Grâce à l’architecture JEPA, la Joint Embedding Predictive Architecture, la machine pourrait apprendre des modèles prédictifs du monde. « Ce serait essentiel pour qu’un système apprenne comment le monde fonctionne par observation, en regardant des vidéos. Les bébés apprennent, en gros, en regardant le monde passer et en apprenant la physique intuitive. Et les animaux font ça aussi. Et nous aimerions que nos machines le fassent. », complétait le scientifique de Meta à Zdnet.fr le 1er avril 2022.
« Les machines à l’intelligence autonome auront des émotions puisque les émotions sont simplement une espèce d’anticipation du résultat de situations positives ou négatives » – Yann LeCun
Avec l’apprentissage de modèles prédictifs du monde, la machine de demain va raisonner et planifier.
LES MACHINES DE DEMAIN SERONT-ELLES CONSCIENTES ?
Yann LeCun s’explique : « La conscience c’est la possibilité de configurer notre modèle du monde pour faire face à une situation ». Puisque nous n’avons qu’un seul modèle du monde, nous ne pouvons effectuer qu’une seule tâche consciente à la fois.
Lorsque nous conduisons pour la première fois, cette action est consciente.

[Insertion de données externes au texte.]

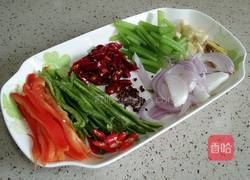 香辣鱿鱼丝的做法图解1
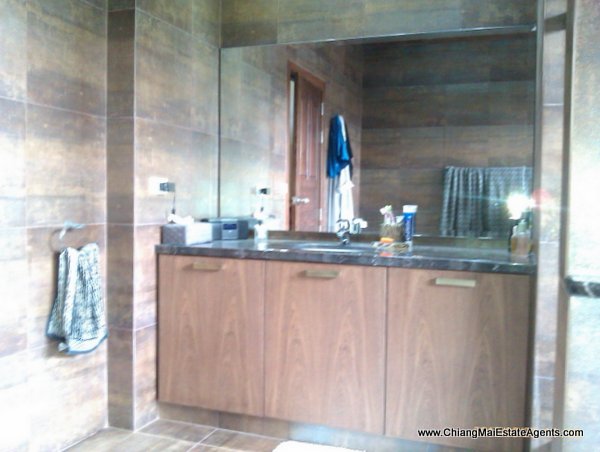 Luxury 4 Bedroom Home in Nam Phrae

Avec le temps et l’expérience, la conduite n’occupe plus totalement notre conscience qui peut s’occuper d’autre chose.
« La conscience est une conséquence de notre stupidité » – Yann LeCun
Pour lui, la conscience n’est pas la conséquence du fait qu’on soit très intelligent, c’est la conséquence du fait que notre cerveau est trop petit; si on avait plein de modèles du monde dans une énorme tête, nous n’aurions pas besoin de conscience car nous pourrions tous les faire marcher en même temps.
Ces machines, au sens commun aiguisé, prendront quelques décennies avant de voir le jour selon le chercheur français. Il se veut également rassurant en expliquant que les machines ne vont pas dominer l’Humanité. « Les humains ont envie de dominer pour assurer leur survie », justifie-t-il. Les machines de demain ne ressentiront pas la pulsion de la peur car elles n’auront pas besoin de dominer pour leur survie.